La lutte contre les fake news occupe désormais une place importante dans le dispositif encadrant les élections législatives du 23 septembre. De nouvelles dispositions ont été introduites afin de mieux encadrer l’utilisation des réseaux sociaux et des outils numériques pendant la période électorale.
Ces règles concernent notamment la diffusion, sans consentement, de propos ou d’images d’une personne, ainsi que la publication ou le partage de fausses informations, de rumeurs, d’allégations mensongères ou de documents falsifiés lorsqu’ils visent à porter atteinte à la vie privée ou à la réputation des électeurs et des candidats.
Des sanctions prévues par la loi
L’article 51-bis, introduit par la loi organique 53.25 modifiant et complétant la loi organique 27.11 relative à la Chambre des représentants, prévoit également des sanctions contre la diffusion de rumeurs ou de fausses informations susceptibles de remettre en cause la crédibilité et la transparence des élections.
Cette évolution intervient dans un contexte marqué par l’utilisation croissante des réseaux sociaux et le développement de l’intelligence artificielle, qui facilitent la création et la diffusion rapide de contenus manipulés.
La nouvelle disposition vise notamment les contenus diffusés dans l’intention de nuire ou d’influencer illégalement le processus électoral.
Un équilibre entre liberté d’expression et responsabilité
Le dispositif entend préserver la liberté d’opinion et d’expression garantie par la Constitution, tout en renforçant la protection de la vie privée et de la réputation des candidats et des électeurs.
Ainsi, la présence d’une intention de nuire constitue un élément important dans l’application de ces nouvelles dispositions. Les situations dans lesquelles cette intention n’est pas établie ne sont pas visées de la même manière.
L’objectif est donc de trouver un équilibre entre la liberté d’expression et la responsabilité dans l’utilisation des outils numériques, particulièrement pendant les périodes électorales.
Jusqu’à cinq ans de prison
Selon l’article 51-bis, les infractions concernées peuvent être sanctionnées par une peine d’emprisonnement de deux à cinq ans, ainsi que par une amende comprise entre 50.000 et 100.000 dirhams.
Ces sanctions visent notamment à dissuader les campagnes de désinformation, les contenus falsifiés et les rumeurs susceptibles de porter atteinte à la réputation des personnes ou à la confiance dans le processus électoral.
L’intelligence artificielle accentue le défi
Le développement de l’intelligence artificielle rend la lutte contre les contenus falsifiés plus complexe.

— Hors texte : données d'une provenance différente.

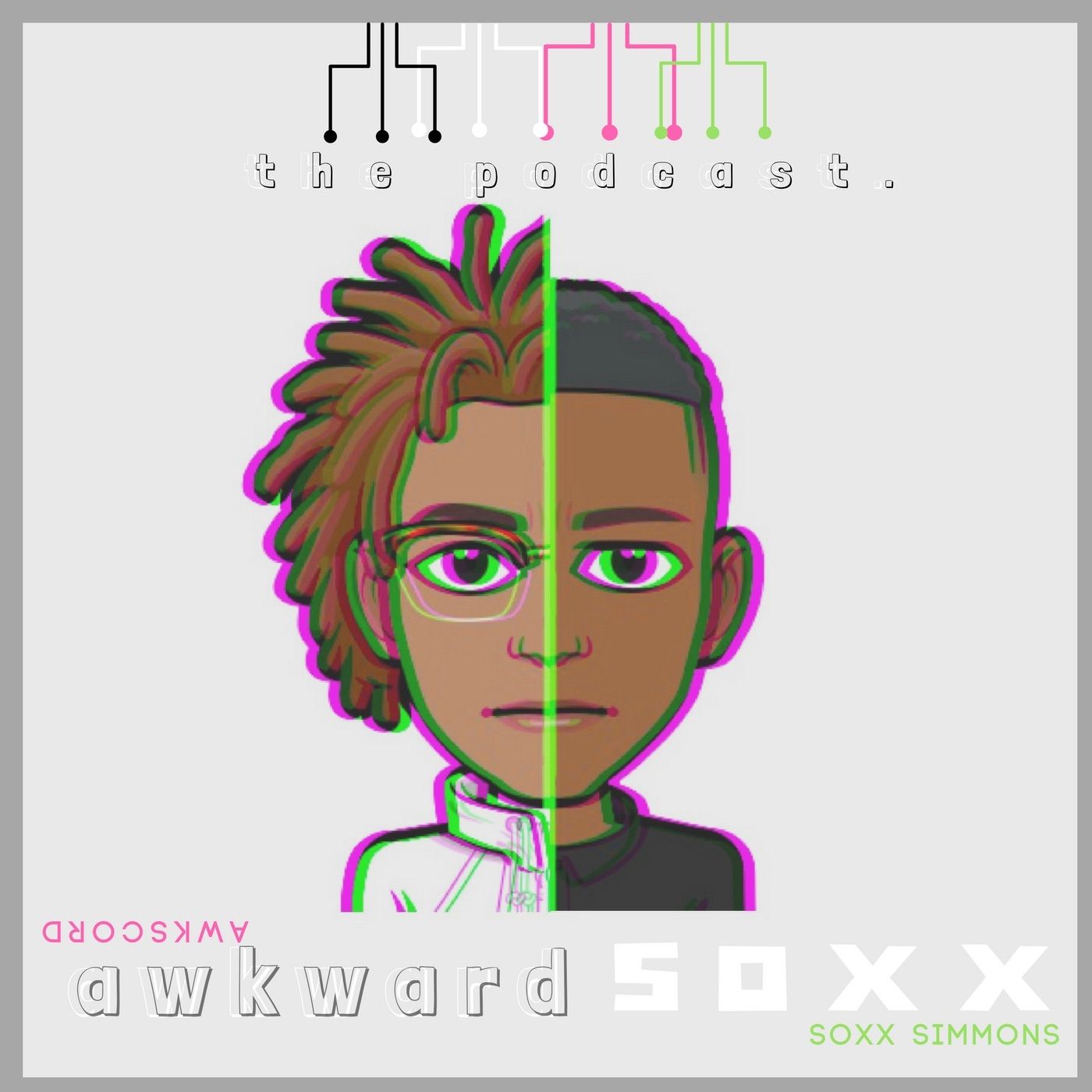 AwkwardSoxx | The Podcast cover art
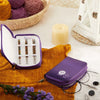 

Symfonie Starter Set mit austauschbaren Rundstricknadeln - KnitPro
4
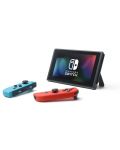 Nintendo Switch - Red & Blue + еShop ваучер за €35 - Summer Digital Bundle - 5t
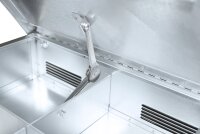 Aufstellwinkel für Deckel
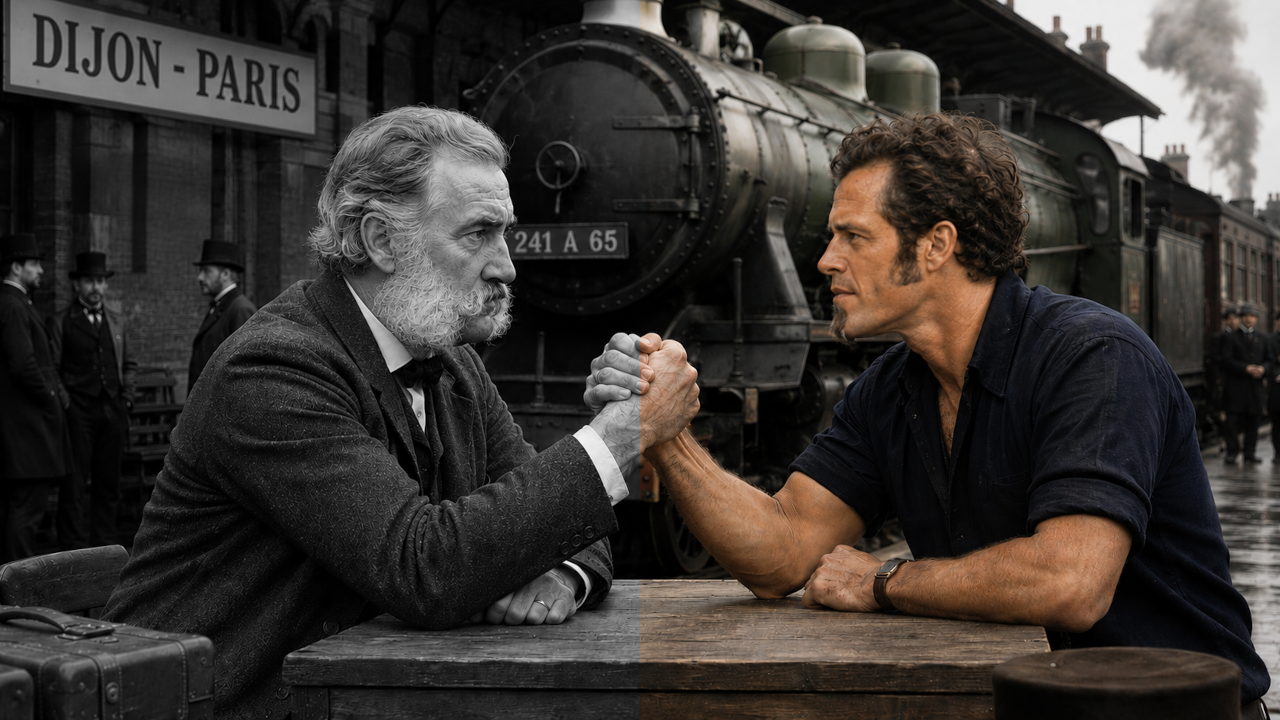 Les Méchinaud / Louis Le Prince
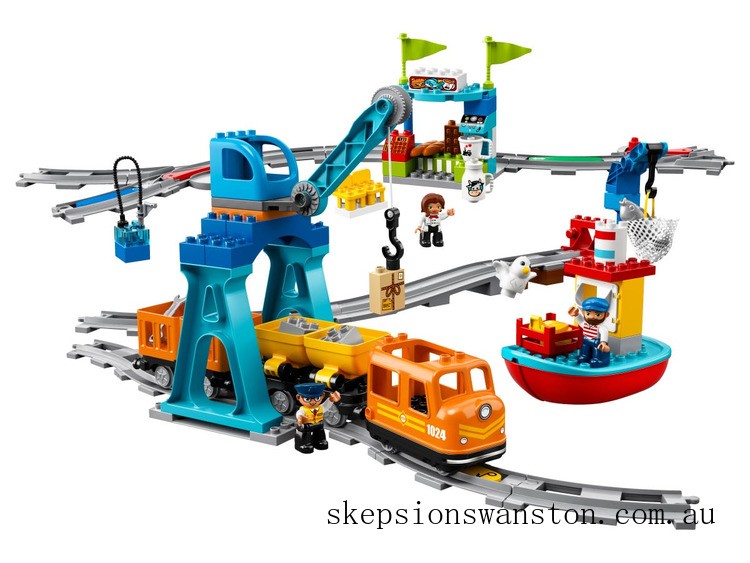 Genuine LEGO DUPLO® Cargo Train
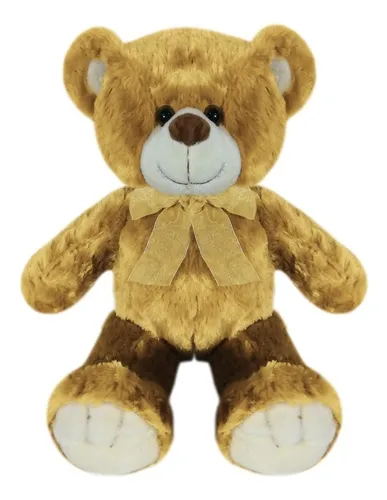 Peluche Oso 60 cm Varios Modelos - Juguettos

Les images, vidéos et autres contenus manipulés peuvent désormais être produits et diffusés rapidement auprès d’un large public.
Dans ce contexte, le nouveau dispositif cherche à adapter le cadre juridique aux transformations de l’espace numérique et aux nouveaux risques liés à la désinformation pendant les élections.
Renforcer la confiance dans le scrutin
À travers ces nouvelles règles, les autorités cherchent à protéger l’intégrité du processus électoral, à limiter la manipulation de l’opinion publique et à préserver la réputation des candidats et des électeurs.
Le dispositif vise également à renforcer la confiance des citoyens dans la transparence des élections, tout en établissant un cadre de responsabilité pour l’utilisation des réseaux sociaux et des technologies numériques durant la campagne électorale.